Segment Start: Entries supplied
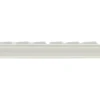 Cherry TAS G84-5500 Corded DE- Hot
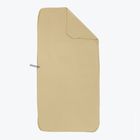 Rýchloschnúci uterák Sea to Summit Pocket Towel beluga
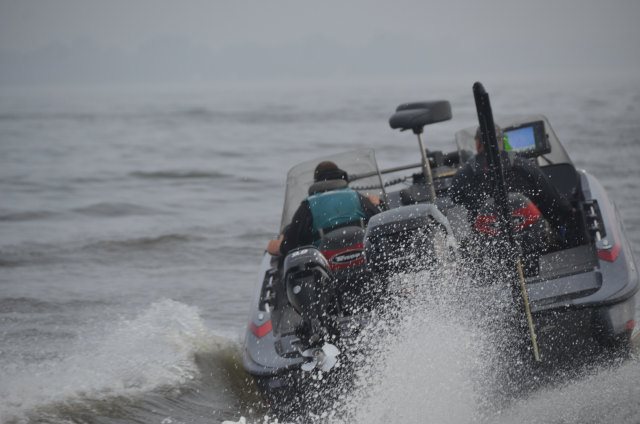 FAE575DA-5397-4050-BBD6-E34D08047C3F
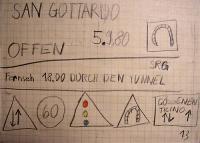 5. September 1980 (klick)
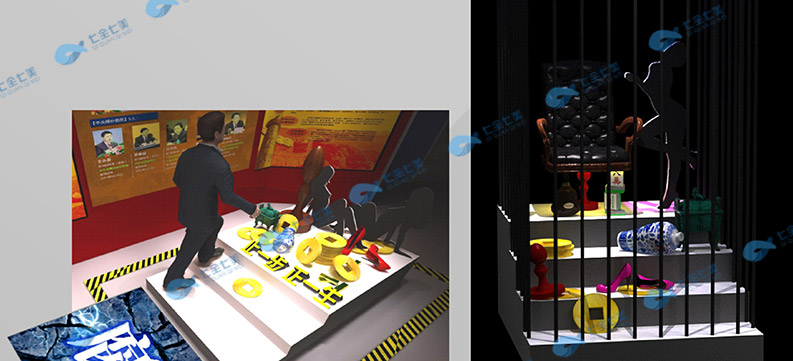 廉政教育基地-廉政反腐教育基地 廉政教育基地-廉政反腐教育基地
Segment End: Entries supplied
▶ **Exercise description**
Print every entry exactly as written, without the pictures.

▶ **Exercise answer**
 Cherry TAS G84-5500 Corded DE- Hot
 Rýchloschnúci uterák Sea to Summit Pocket Towel beluga
 FAE575DA-5397-4050-BBD6-E34D08047C3F
 5. September 1980 (klick)
 廉政教育基地-廉政反腐教育基地 廉政教育基地-廉政反腐教育基地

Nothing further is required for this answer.